Meeting the protein requirement is generally not a problem if practical diets are being fed in amounts adequate to meet energy needs. When owners feed a 12% to 14% protein grain mix to meet energy requirements, protein requirements are almost always met as well. At least when grass or grass/legume mixed hays are being fed, it does not really matter if a 12%, 13% or 14% protein grain mix is fed. The other nutrients in the diet also fall in line if a horse is getting a well-formulated, fully fortified feed.

A typical nutrient profile one might encounter for one of these feeds is 0.65% calcium, 0.5% phosphorus, 0.25% magnesium, 0.3 ppm selenium and 4,000 IU/lb vitamin A. If these concentrations of the above nutrients are in the feed, the requirements for all nutrients are being met. For most horses, there should be little or no need for supplements. The obvious exception is salt. Even though most manufacturers include salt as 0.5% of the grain concentrate, it is a good idea to provide a free-choice trace-mineral salt source, either loose or block, to all horses, even those not in work.

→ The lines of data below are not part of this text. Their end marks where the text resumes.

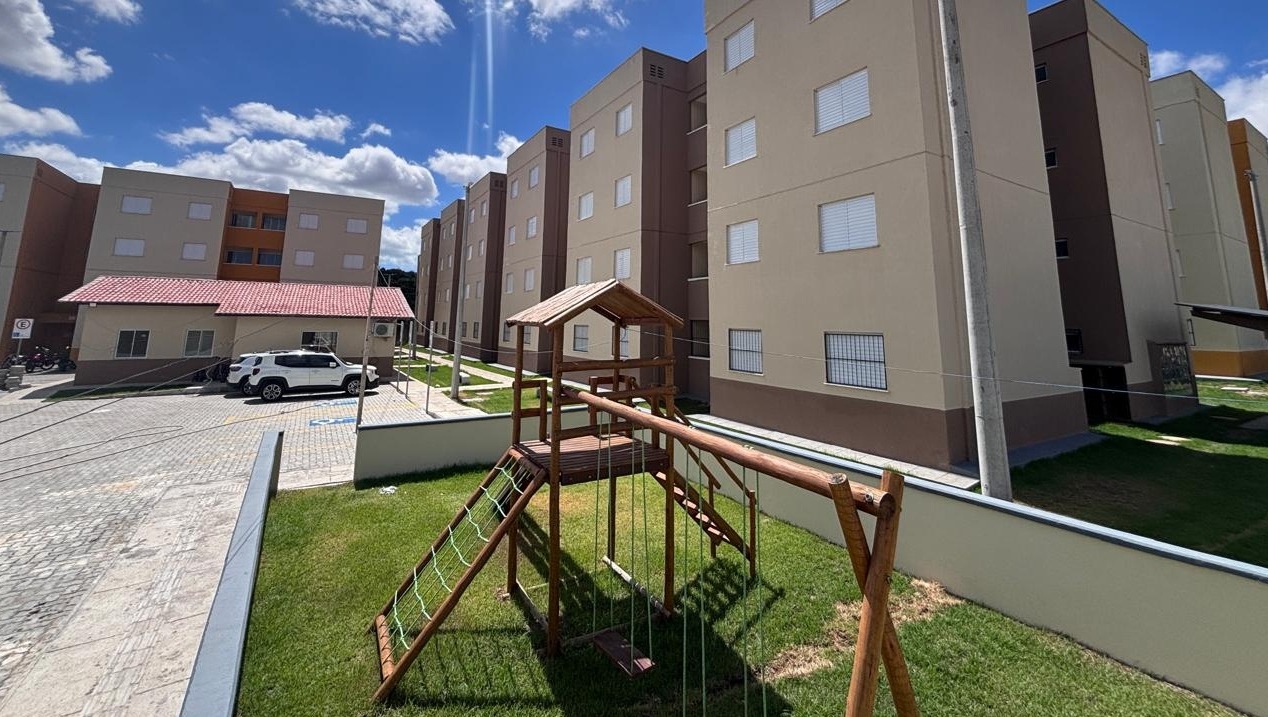 Prefeitura de Fortaleza terá mais 2.600 moradias pelo MCMV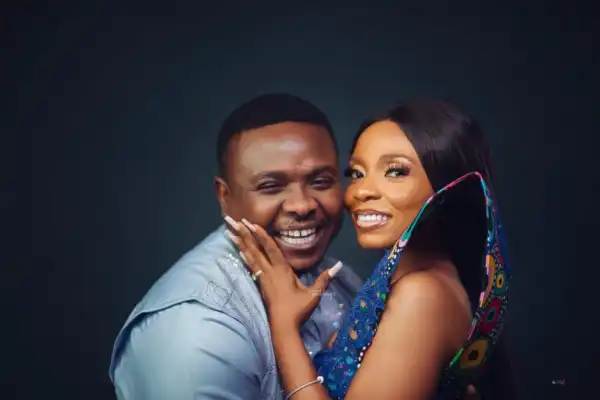 A Mutual Friend Set the Pace For Bukunmi and Ayokunmi’s Sweet Love!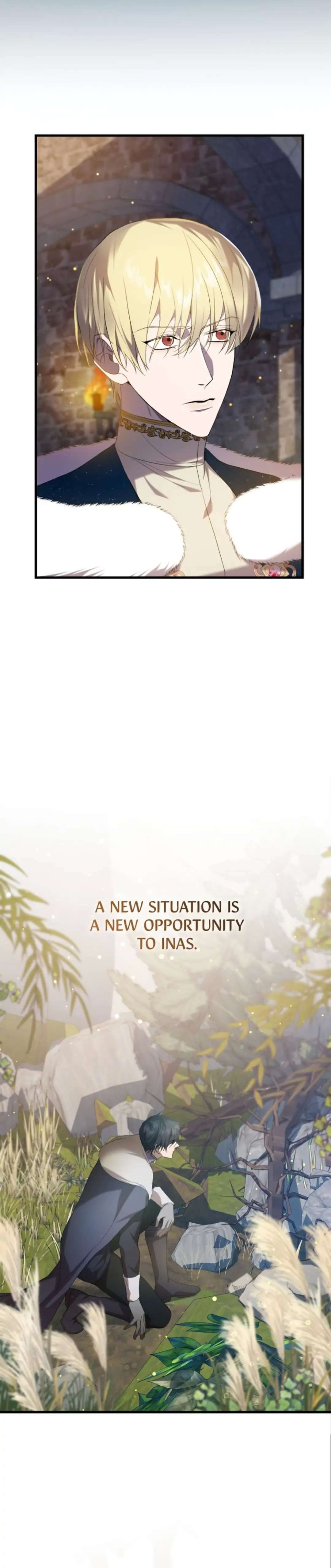 How To Raise A Victim? Chapter 17 page 6 - 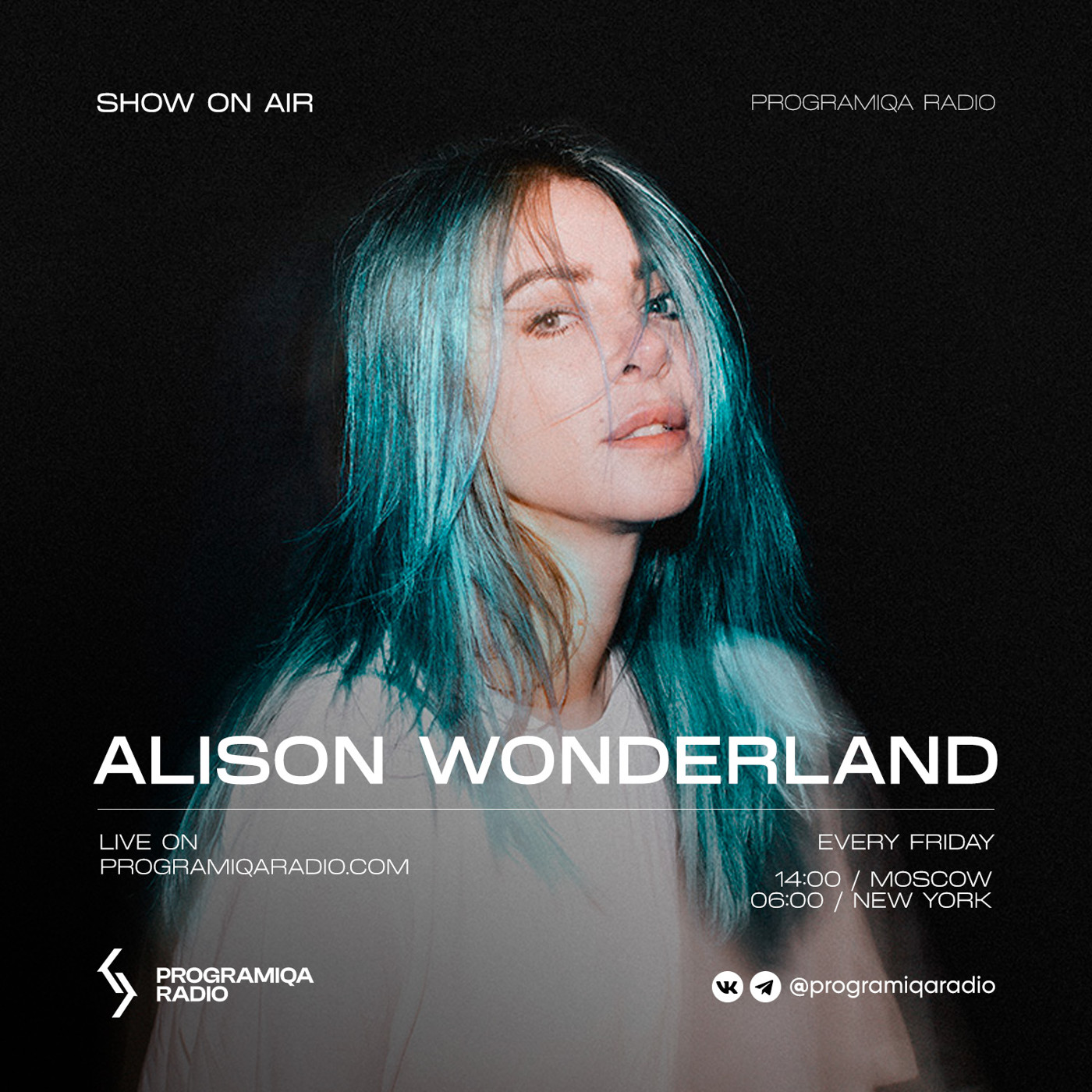 Alison Wonderland - Radio Wonderland #439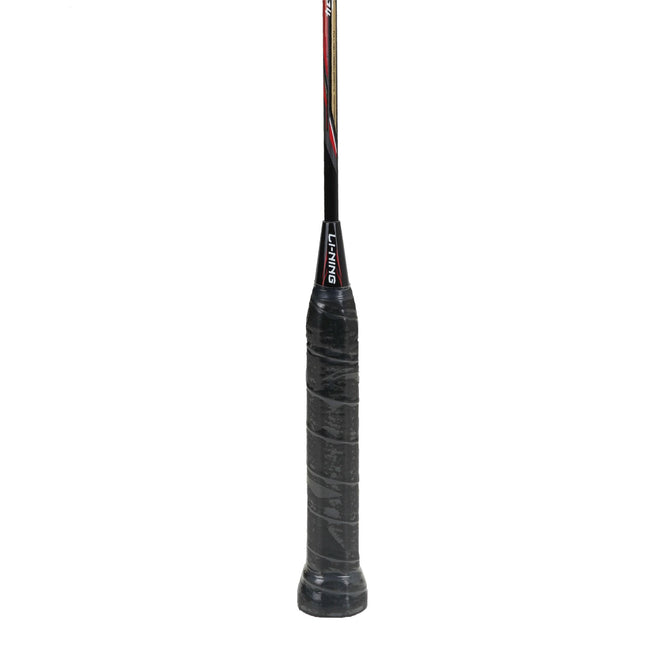 Turbo X 50 G4 - Black/Red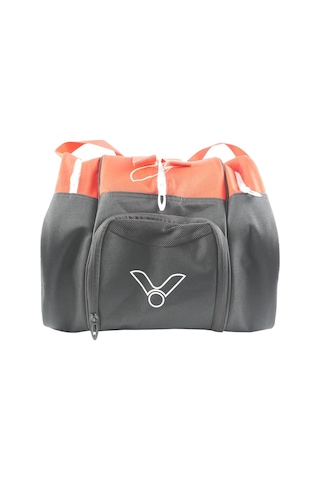 Raket Çantası Multithermobag Badminton Tenis Squash Çantası, Kırmızı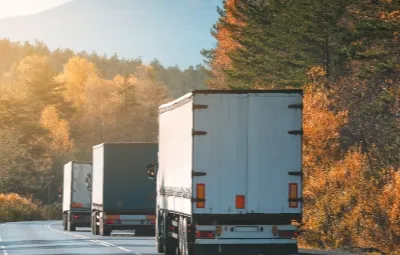 Ankara ile Aydıntepe Arası Klima Taşıma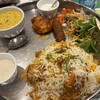 インド宮廷料理 Mashal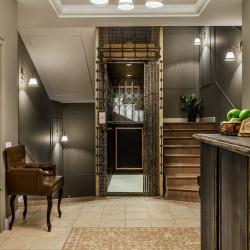 фото 24 Bulgakov Residence (Резиденция Булгакова)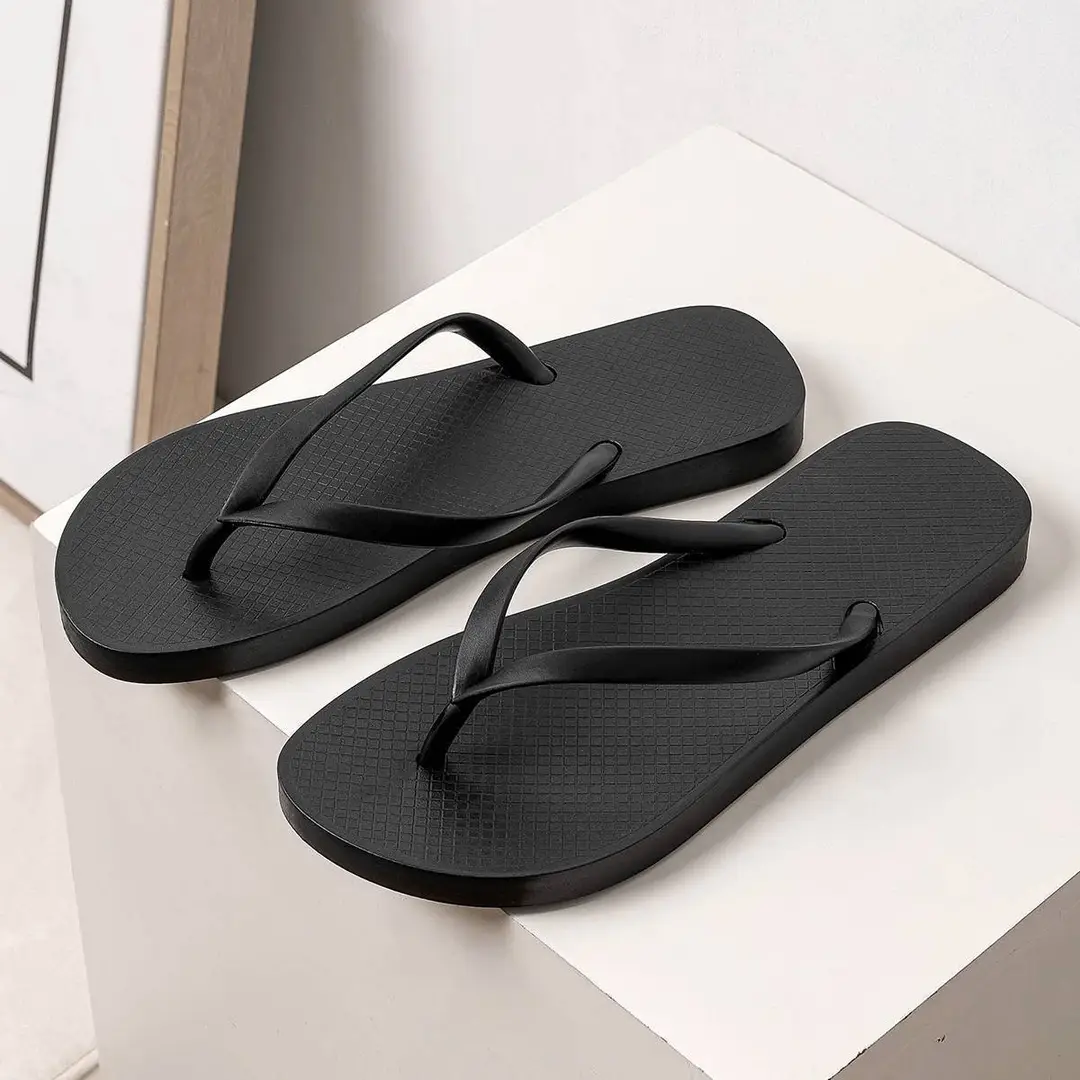 Flip-Flops for Women, Summer 2026 New Model, Outdoor Non-Slip Beach Sandals for Women, Candy Colors - Image 3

Instead of using a fortified textured or pelleted feed, many people like to use bulk grains as the concentrate part of the ration. This option may meet energy requirements, but the macromineral and micromineral requirements are not generally met using this method of feeding. Adding a balancer pellet or vitamin/mineral supplement to straight grains is a way to provide needed nutrients.

Even though these horses are not doing a great deal of work in terms of caloric expenditure, they are still athletes. Flexibility, muscular fitness, cardiovascular fitness and soundness are still of extreme importance. For these horses to carry excessive finish or fat can only be described as potentially detrimental to their performance.

The definition of the really good performance horse is elegance, symmetry and balance. These traits are difficult to achieve in the fat horse. Just as fit and fat are different for the halter horse, fit and thin are different for the performance horse. Judges have been instructed by breed associations to discriminate against horses that look emaciated, dull, worn out and intimidated. The way to get a horse that is supposed to go slow to do so is through appropriate training and not through starvation. It takes energy to be balanced, round, cadenced and pure in movement. These attributes of the Western performance horse are not achieved by restricting feed and/or water intake.

In conclusion, for the lightly worked horse, it is energy balance in the individual that ultimately is going to be the critical aspect of getting the job done right. The owner or trainer needs to consider each horse as an individual and develop a program of feed and exercise that will produce an animal that looks good and has enough energy to perform well.